"A thousand years from now, when Ethiopians gather to welcome the fourth millennium, they shall say the eve of the third millennium was the beginning of the end of the dark ages in Ethiopia," he said to an ululating crowd.
The speech was not only important because of the ambitious vision it outlined, but because it took place just two years after the episode that will likely overshadow his achievements more than any other -- the disastrous and bloody 2005 general elections.
It's hard to overstate the fervor of that campaign. Ethiopians who had never lived in a democracy before were promised their first properly contested poll since Meles and his allies sent Mengistu fleeing to exile in Zimbabwe.
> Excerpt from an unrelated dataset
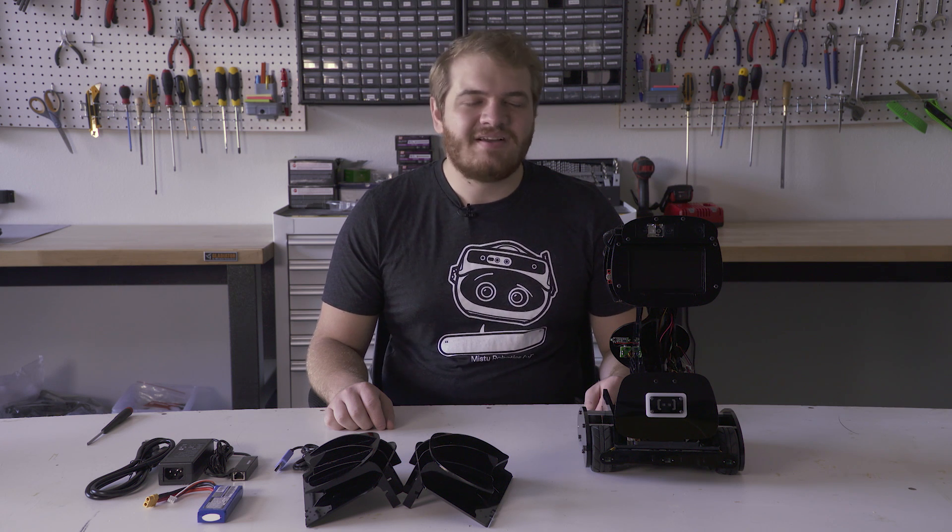Hi, I'm Cody at MISTI Robotics, and I run the manufacturing line. Today, we'll be assembling your MISTI One and getting it started.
In the end, when Meles declared that his party had won a parliamentary majority, the opposition screamed fraud. In ensuing street riots, his police and soldiers killed almost 200 Ethiopians, most shot dead. Some were beaten to death.
The reaction from Meles was cold. He was sorry for the deaths, he said, but he'd simply told the security forces to "stop the insurrection." These were not normal demonstrations, he insisted. Afterwards, opposition leaders were rounded up and jailed.
With the opposition out of the way, along with several journalists, he ploughed on with the day-to-day running of government. His economic achievements, and his role as an opponent of Islamism in the Horn of Africa, pleased Western donors, most of whom usually offered little more than a temporary slap on the wrist.
That's not to say that Meles's attempts at reform were all mere window-dressing. The premier and his government did much to let the light in. Under his watch, a safety-net system -- a form of social welfare, he called it -- for the country's millions of hungry people was introduced, which, while unsuccessful at weaning them off foreign aid, ensured that the calamitous famine of 1984 and 1985 would never be repeated.
Economic successes continued even after the political turmoil of the 2005 elections. Under the leadership of this former Marxist guerrilla, Ethiopia became one of the fastest growing economies not only in Africa but in the world, posting double-digit growth figures for the last seven years in a row. Infant mortality plummeted. A small middle class emerged. Roads were built. Rivers dammed. Villages electrified. Despite this undeniable progress, most Ethiopians remained poor -- something Meles insisted he was working toward eradicating with a series of five-year plans.
Masterful at dealing with Western governments, he cleverly played off their own security concerns and their rivalry with China and India, to which he also cozied up. There were few African leaders who could berate their donor countries while simultaneously holding out their palm for more aid money, but Meles had the chutzpah to carry it off.
These achievements are even more remarkable given the fact that, according to a Western intelligence officer who knew Meles when he was still a bush rebel and after he came to power, the premier entered office knowing almost nothing about economics.
"When I had my final conversation with him after spending the better part of two months in Ethiopia immediately after he took over in the summer of 1991, I asked Meles what he would like me to do to help him before I left," the man recounted.
"I need to learn something about economics," Meles told him. "Can you get me some basic books?" The intelligence officer then went to an embassy, looked through its library, and picked about a dozen volumes and had them delivered to the new leader.